What is being asked:
With the pictures omitted, transcribe each line below exactly as it is.
*** Opening of Exercise material ***
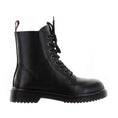 Load image into Gallery viewer, LESANSA DEPTH BLACK - Women Boots - Collective Shoes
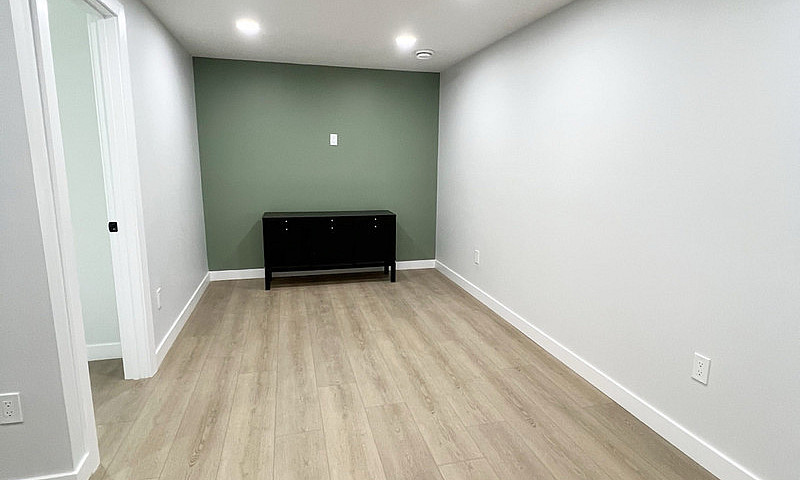 Brand New Legal Base...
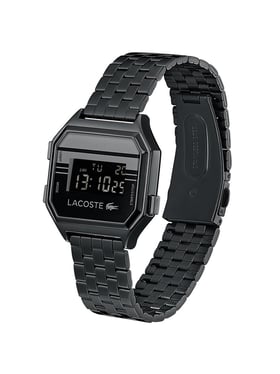 Lacoste best sale bluetooth watch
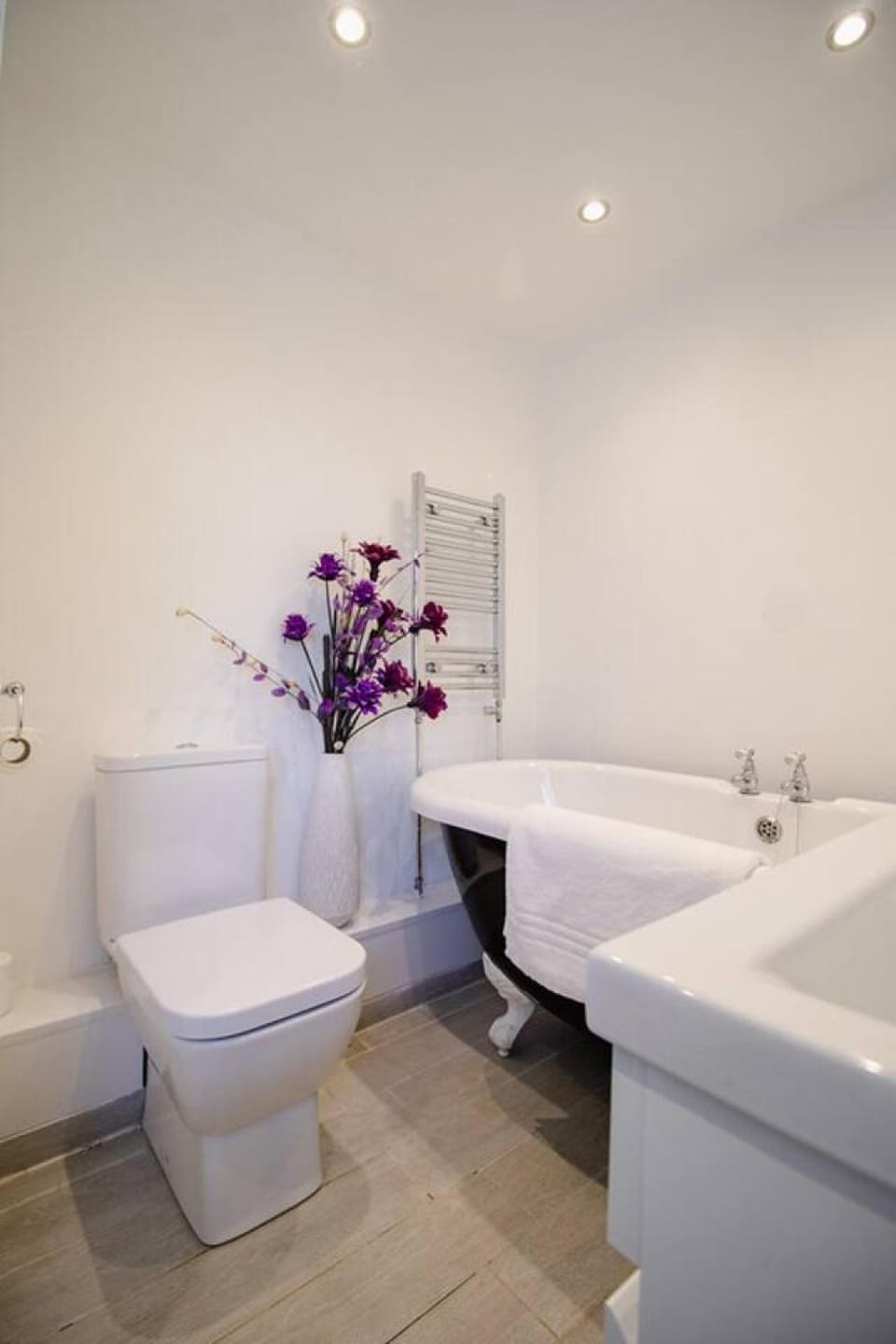 Toilet, Bathroom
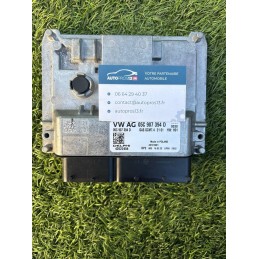 CALCULATEUR MOTEUR ECU AUDI...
*** Close of Exercise material ***
Answer section:
 Load image into Gallery viewer, LESANSA DEPTH BLACK - Women Boots - Collective Shoes
 Brand New Legal Base...
 Lacoste best sale bluetooth watch
 Toilet, Bathroom
 CALCULATEUR MOTEUR ECU AUDI...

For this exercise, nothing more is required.